It would be very difficult to pull that off. There is only one LED at the end of a precisely molded fiber optic tube which evenly distributes the light under the whole strip. Not to mention, the illuminated trim is shorter and sticks out from the door panel about 1/4" to allow the light to filter down and out. 

Good luck trying to make it look good, evenly distributed and OEM without the right parts. I would say it would be next to impossible, and I am very good at doing mods like this. That is why I sprang the cash for the right stuff. 

It does look really slick when it is installed!


----------



## Will22 (Jan 5, 2013)

giecsar said:


> Thanks a lot everyone!
> 
> @Will22 I think that the point of it is to create a classy effect, not to light up your door panel.

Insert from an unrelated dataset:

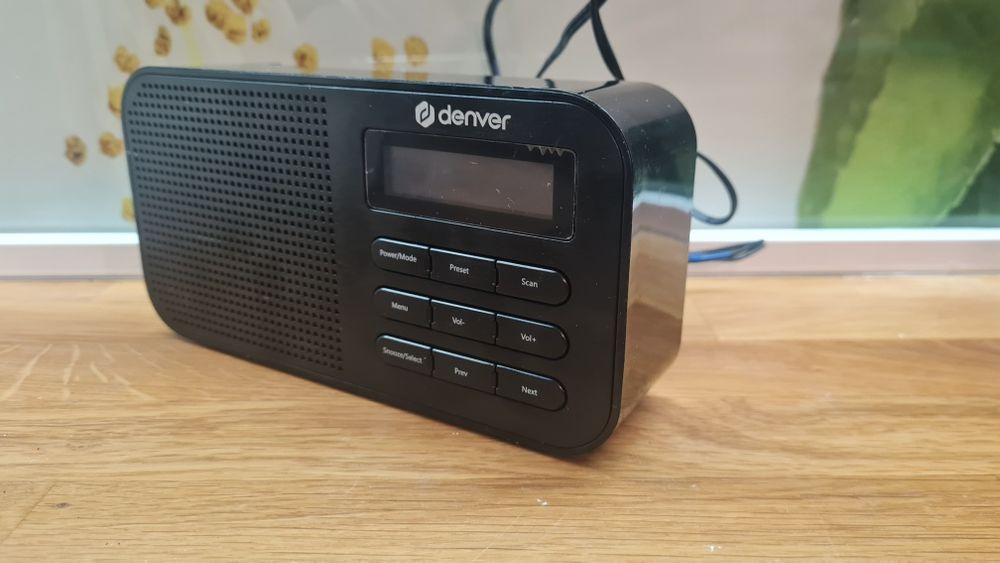 Цифрово FM/RDS, DAB+ радио Denver DAB-42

I know what it's meant to do. We have it on our Land Rover Discovery 4 and on that it is right. It should look like it is on the brochure. VW agreed with me and refunded me for it.


----------



## Will22 (Jan 5, 2013)

Matt.B said:


> What setting do you have it on? The brightness of the trim strips adjusts with the dash lighting setting.

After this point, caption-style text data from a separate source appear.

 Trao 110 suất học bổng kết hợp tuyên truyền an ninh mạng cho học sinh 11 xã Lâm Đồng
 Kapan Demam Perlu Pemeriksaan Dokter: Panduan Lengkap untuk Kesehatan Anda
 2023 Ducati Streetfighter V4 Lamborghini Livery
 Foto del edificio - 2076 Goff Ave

I have it on the highest setting.


----------



## giecsar (Dec 18, 2012)

Will22 said:


> I know what it's meant to do. We have it on our Land Rover Discovery 4 and on that it is right. It should look like it is on the brochure. VW agreed with me and refunded me for it.

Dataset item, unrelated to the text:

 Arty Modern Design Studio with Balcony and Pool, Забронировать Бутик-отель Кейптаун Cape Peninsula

Wow, good for you then! :thumbup:


----------



## Stero1D (Aug 8, 2012)




----------



## NRGCC (Apr 9, 2013)

Well I added led strips to my 2011 stock trim. All for $25.. the price of a spool of LEDs on Amazon. I have to say it looks awesome and it's very evenly distributed. I will post pictures today.


----------



## NRGCC (Apr 9, 2013)

And here's some grainy pics I just took.


----------



## bacardicj151 (Dec 9, 2007)

Is that distracting when your driving?


----------



## giecsar (Dec 18, 2012)

NRGCC said:


> And here's some grainy pics I just took.


Wow the light looks pretty bright, nice !
Question, do the trim pieces just pop out or you have to dismantle the door cards ?


----------



## Mantvis (Jan 1, 2010)

NRGCC said:


> And here's some grainy pics I just took.


:thumbup::beer:

What strip did you get? did you put it on the bottom of the trim or inside the trim?


----------



## bacardicj151 (Dec 9, 2007)

You've got to take off the door cards


----------



## Mantvis (Jan 1, 2010)

giecsar said:


> Wow the light looks pretty bright, nice !
> Question, do the trim pieces just pop out or you have to dismantle the door cards ?


pop out , i believe

OR NVM!


----------



## Stero1D (Aug 8, 2012)

NRGCC said:


> And here's some grainy pics I just took.


Bro, do the write up.. id love to do it for 25 bux...

Dealer quoted me around $1400 for brushed alum ambient DOOR trim ONLY lol..... F THAT!


----------



## giecsar (Dec 18, 2012)

Stero1D said:


> Bro, do the write up.. id love to do it for 25 bux...
> 
> Dealer quoted me around $1400 for brushed alum ambient DOOR trim ONLY lol..... F THAT!


Wow that's pretty insane!


----------



## Stero1D (Aug 8, 2012)

giecsar said:


> Wow that's pretty insane!


exactly... plus it wouldnt match my current trim


----------



## NRGCC (Apr 9, 2013)

You HAVE to take off the door trim. The pieces screw in from the backside of the door panel. I mounted the leds high up in the door trim, pointing down at the gap. That way, you don't see the individual led light spots. That, and I got a spool of LEDs that's double density, so there's more LEDs per foot. You need about two feet per door.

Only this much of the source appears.